Depends on the lay of the land and if your trying to hold does or bucks. Bucks in my opinion prefer woody cover with decent stem density but with an elevated view. Does are less selective and if so desired I would plant a mixture of switchgrass with pockets of conifers and desirable shrubs for browse or even a soft mast food source. Just my 2 cents worth.
 
what is there now? you say crop land, but bare dirt?? wet area? dry?

windbreak on the windward side of the area for blocking winter winds, then as above, mix of spruce, red twig dogwoods, switch grass, .......
 
You have 4 acres of crop land to turn into bedding area/ cover, what do you plant?

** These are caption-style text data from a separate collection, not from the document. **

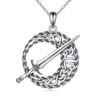 AXELUNA Celtic Knot Sterling Silver Necklace Darkmoon Blade Dark Souls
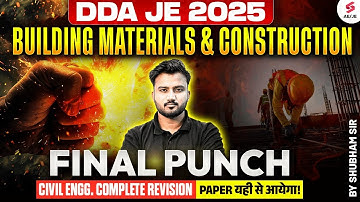 DDA JE Civil Marathon Class 2025 | BMC in One Shot for DDA JE | DDA JE Civil Classes by Shubham Sir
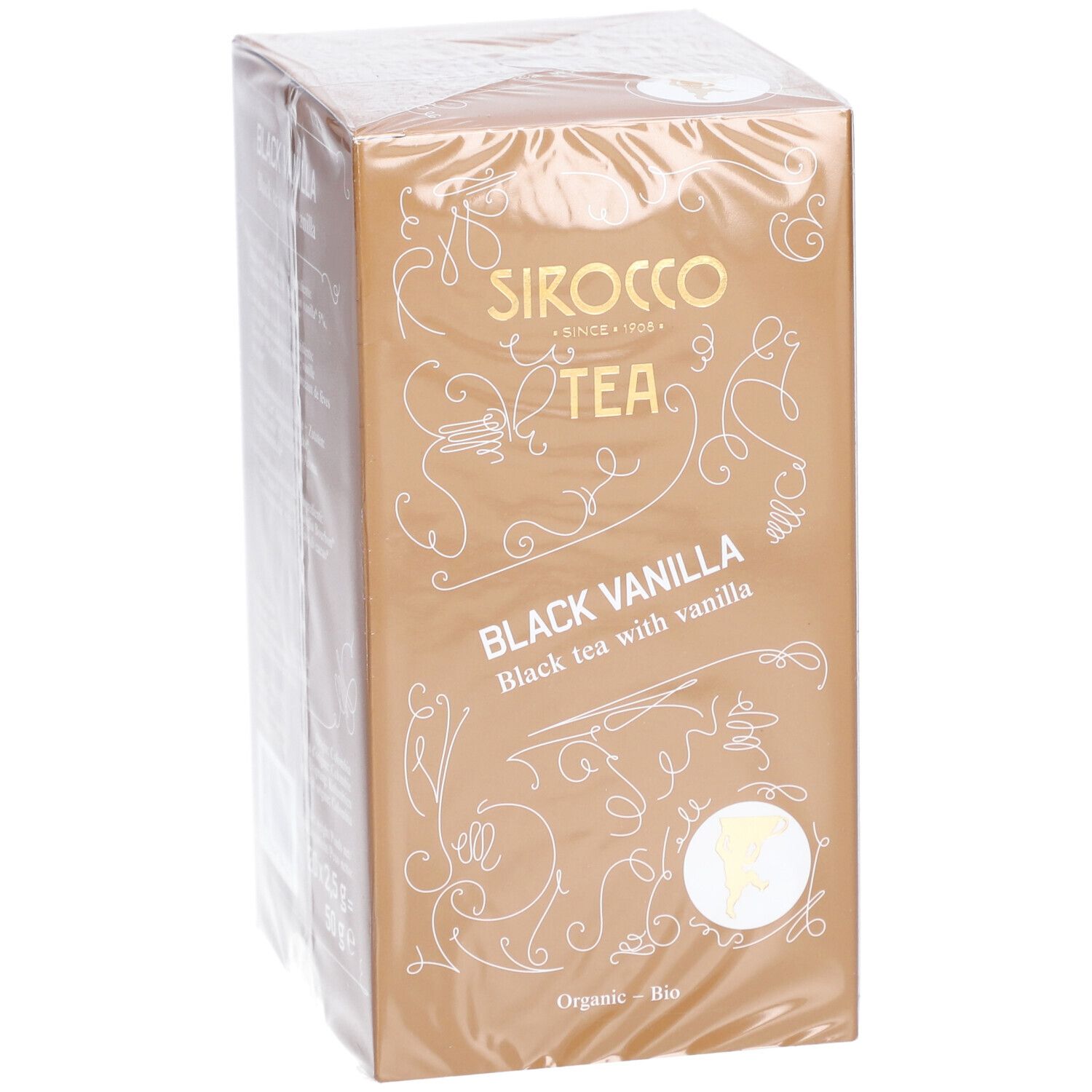 Confezione Sirocco Black Vanilla. Marrone, con logo e nome del prodotto. Confezionata.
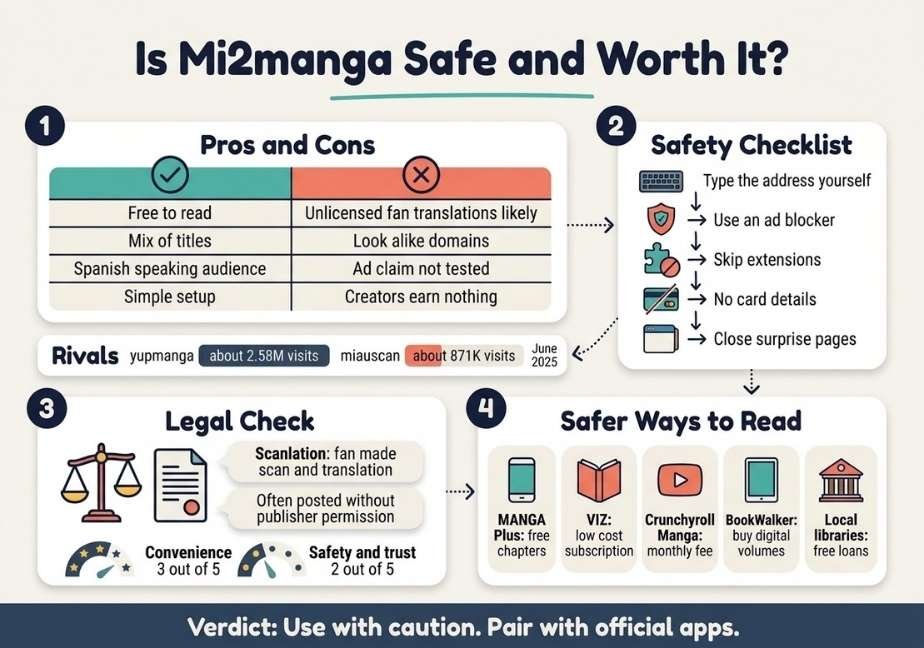 Infographic titled "Is Mi2manga Safe and Worth It?" featuring pros and cons, a safety checklist, legal details, and safer official reading alternatives.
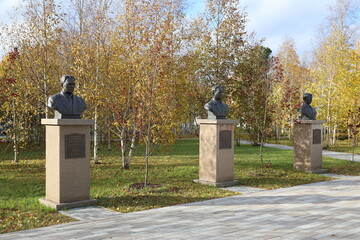 Monument to outstanding Soviet statesmen in the city of Nadym in Northern Russia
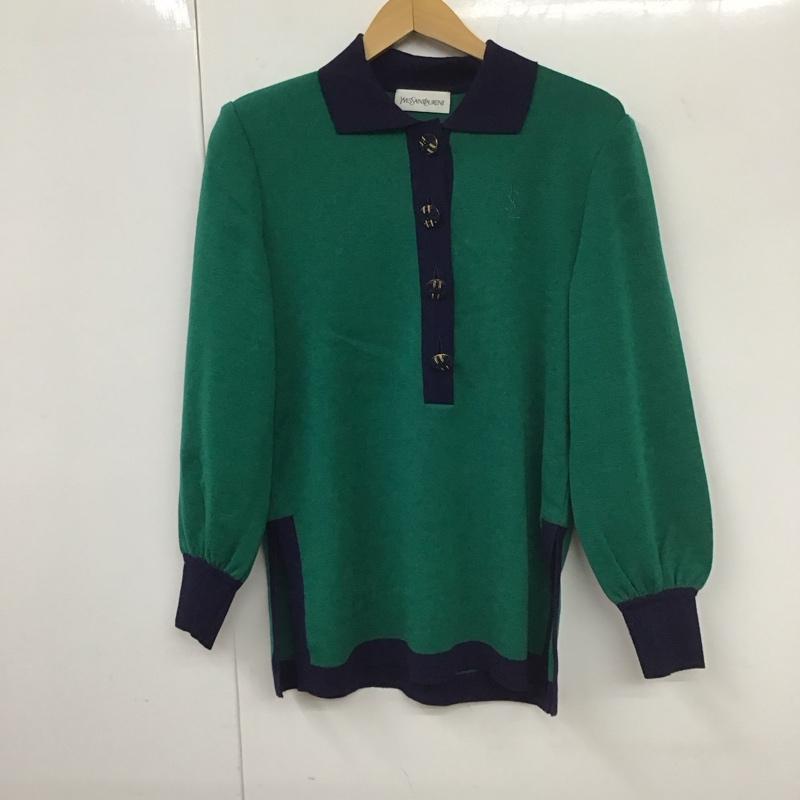 イヴサンローラン Yves Saint Laurent ニット、セーター 長袖 M 無地 緑 / グリーン /  レディース USED 古着 中古 10131123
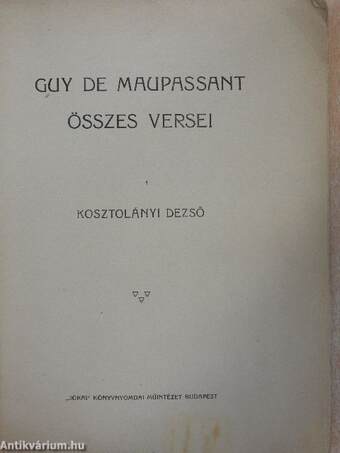 Guy de Maupassant összes versei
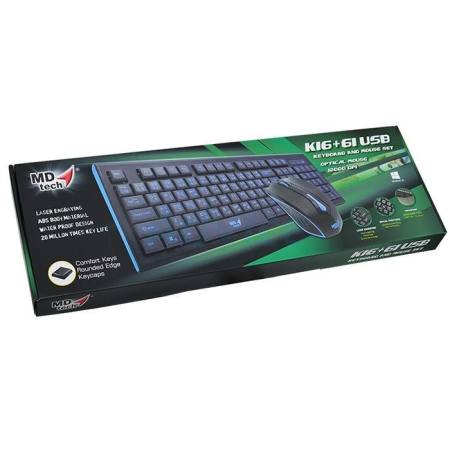 MD-TECH Keyboard Mouse USB K16+61 Blue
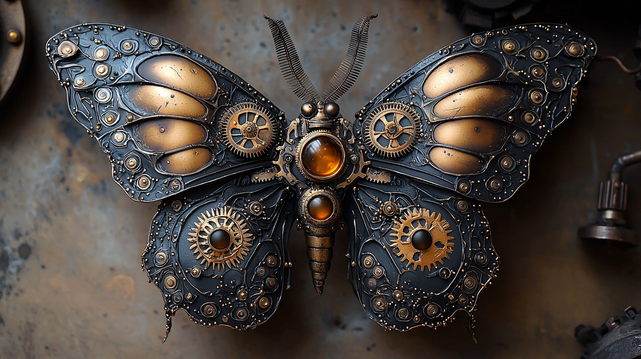 Métamorphose Mécanique
Papillon mécanique au design steampunk et gothique, orné de rouages dorés et de sphères lumineuses, dans une atmosphère industrielle raffinée.
Mechanical butterfly with a steampunk and gothic design, adorned with golden gears and glowing spheres, set in an elegant industrial atmosphere.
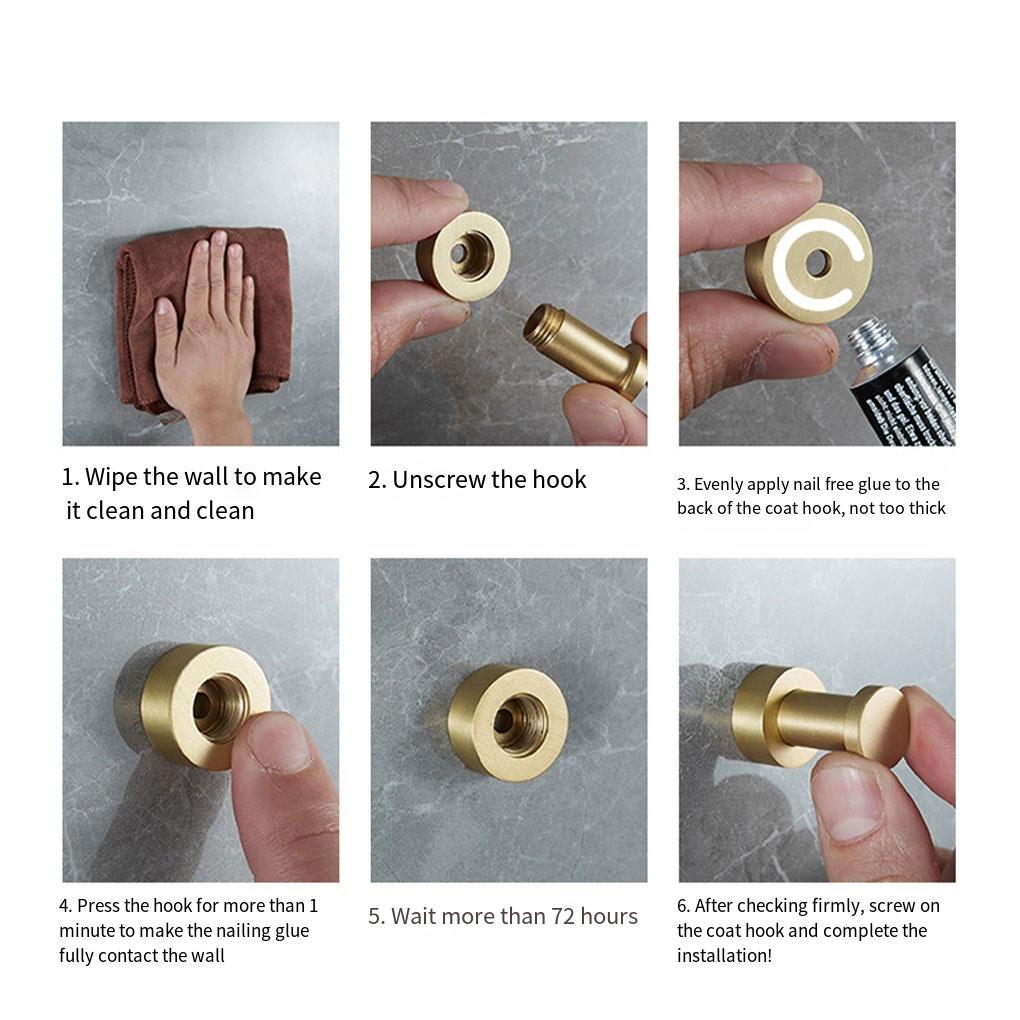 Copper Modern Towel Hooks For Bath - Wide Applications Brass Adhesive Hanger Modern Design Powerful Self-Adhesive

What is the surrounding topography?

Would like to know exists in the surrounding 400-500 acres ...
 
Switchgrass with nothing else around it so you can do controlled burns on it every 3-4 years. That is if this piece lays right for burns and you have someone in the area who could help you with the burns.
 
Norway spruce. I would plant bare root over plugs. The only time I have had an issue with deer eating spruce is when I have planted small plugs and I think they mistake them for something else. Deer will mow down white and red pine.
 
Deer have eaten white pine I have planted in very bad winters. I have never seen them eat red pine. I planted 12k red pine and had another 30 acres already planted on land I bought.
 
There are many right answers to that question. Here would be my personal list in no particular order (you might not be able to fit them all, but give them some consideration):

Evergreens (norway spruce are my favorite).
Hybrid Poplar & Hybrid Willow
Switch Grass
Shrubs
Giganteus Miscanthus (tall grass).

Tell us a little more about what you are hoping to do and I'm sure you'll get lots of suggestions.

-John

The ultimate goal is hold more deer and increase daytime deer activity. Every year the property is planted half in corn and the other to soybeans. Once the corn is gone, there's limited bedding and the daytime use of my food plots is pretty much non existent. Adding cover is gonna be the most important part of improving this place and I just would like to make sure I'm not overlooking anything.
 
I'm not trying to answer a question with a question, but is the limited daylight use of food plots due to you or your neighbors hunting pressure? Is stand access an issue? Or are the nocturnal because of things outside of your control?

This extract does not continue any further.